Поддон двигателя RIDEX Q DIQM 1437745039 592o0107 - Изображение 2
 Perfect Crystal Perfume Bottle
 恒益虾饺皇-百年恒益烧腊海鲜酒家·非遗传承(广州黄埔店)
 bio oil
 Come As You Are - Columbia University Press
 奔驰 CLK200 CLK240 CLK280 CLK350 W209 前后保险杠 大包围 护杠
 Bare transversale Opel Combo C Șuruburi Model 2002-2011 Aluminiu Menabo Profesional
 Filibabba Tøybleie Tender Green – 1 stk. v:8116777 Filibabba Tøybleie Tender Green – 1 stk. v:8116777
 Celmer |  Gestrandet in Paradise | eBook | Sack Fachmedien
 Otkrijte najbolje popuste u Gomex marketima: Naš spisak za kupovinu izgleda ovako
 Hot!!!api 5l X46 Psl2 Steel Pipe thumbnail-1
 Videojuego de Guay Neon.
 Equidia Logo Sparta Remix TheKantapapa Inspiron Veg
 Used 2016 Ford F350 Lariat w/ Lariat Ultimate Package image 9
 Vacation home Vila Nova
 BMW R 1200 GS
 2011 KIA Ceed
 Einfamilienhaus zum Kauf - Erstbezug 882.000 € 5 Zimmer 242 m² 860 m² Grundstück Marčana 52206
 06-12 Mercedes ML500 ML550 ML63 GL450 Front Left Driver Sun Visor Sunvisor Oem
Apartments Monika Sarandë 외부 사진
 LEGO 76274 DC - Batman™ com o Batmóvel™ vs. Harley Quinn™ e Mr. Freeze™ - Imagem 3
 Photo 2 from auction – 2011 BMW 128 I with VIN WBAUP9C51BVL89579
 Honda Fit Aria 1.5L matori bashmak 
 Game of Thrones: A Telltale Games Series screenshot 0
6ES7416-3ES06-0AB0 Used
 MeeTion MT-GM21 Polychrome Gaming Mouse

━━━━━━━━━━━━━━━━

§ **Exercise requirements**: Retyping every entry exactly is the whole of the task.

§ **The answer**:
Поддон двигателя RIDEX Q DIQM 1437745039 592o0107 - Изображение 2
 Perfect Crystal Perfume Bottle
 恒益虾饺皇-百年恒益烧腊海鲜酒家·非遗传承(广州黄埔店)
 bio oil
 Come As You Are - Columbia University Press
 奔驰 CLK200 CLK240 CLK280 CLK350 W209 前后保险杠 大包围 护杠
 Bare transversale Opel Combo C Șuruburi Model 2002-2011 Aluminiu Menabo Profesional
 Filibabba Tøybleie Tender Green – 1 stk. v:8116777 Filibabba Tøybleie Tender Green – 1 stk. v:8116777
 Celmer |  Gestrandet in Paradise | eBook | Sack Fachmedien
 Otkrijte najbolje popuste u Gomex marketima: Naš spisak za kupovinu izgleda ovako
 Hot!!!api 5l X46 Psl2 Steel Pipe thumbnail-1
 Videojuego de Guay Neon.
 Equidia Logo Sparta Remix TheKantapapa Inspiron Veg
 Used 2016 Ford F350 Lariat w/ Lariat Ultimate Package image 9
 Vacation home Vila Nova
 BMW R 1200 GS
 2011 KIA Ceed
 Einfamilienhaus zum Kauf - Erstbezug 882.000 € 5 Zimmer 242 m² 860 m² Grundstück Marčana 52206
 06-12 Mercedes ML500 ML550 ML63 GL450 Front Left Driver Sun Visor Sunvisor Oem
Apartments Monika Sarandë 외부 사진
 LEGO 76274 DC - Batman™ com o Batmóvel™ vs. Harley Quinn™ e Mr. Freeze™ - Imagem 3
 Photo 2 from auction – 2011 BMW 128 I with VIN WBAUP9C51BVL89579
 Honda Fit Aria 1.5L matori bashmak 
 Game of Thrones: A Telltale Games Series screenshot 0
6ES7416-3ES06-0AB0 Used
 MeeTion MT-GM21 Polychrome Gaming Mouse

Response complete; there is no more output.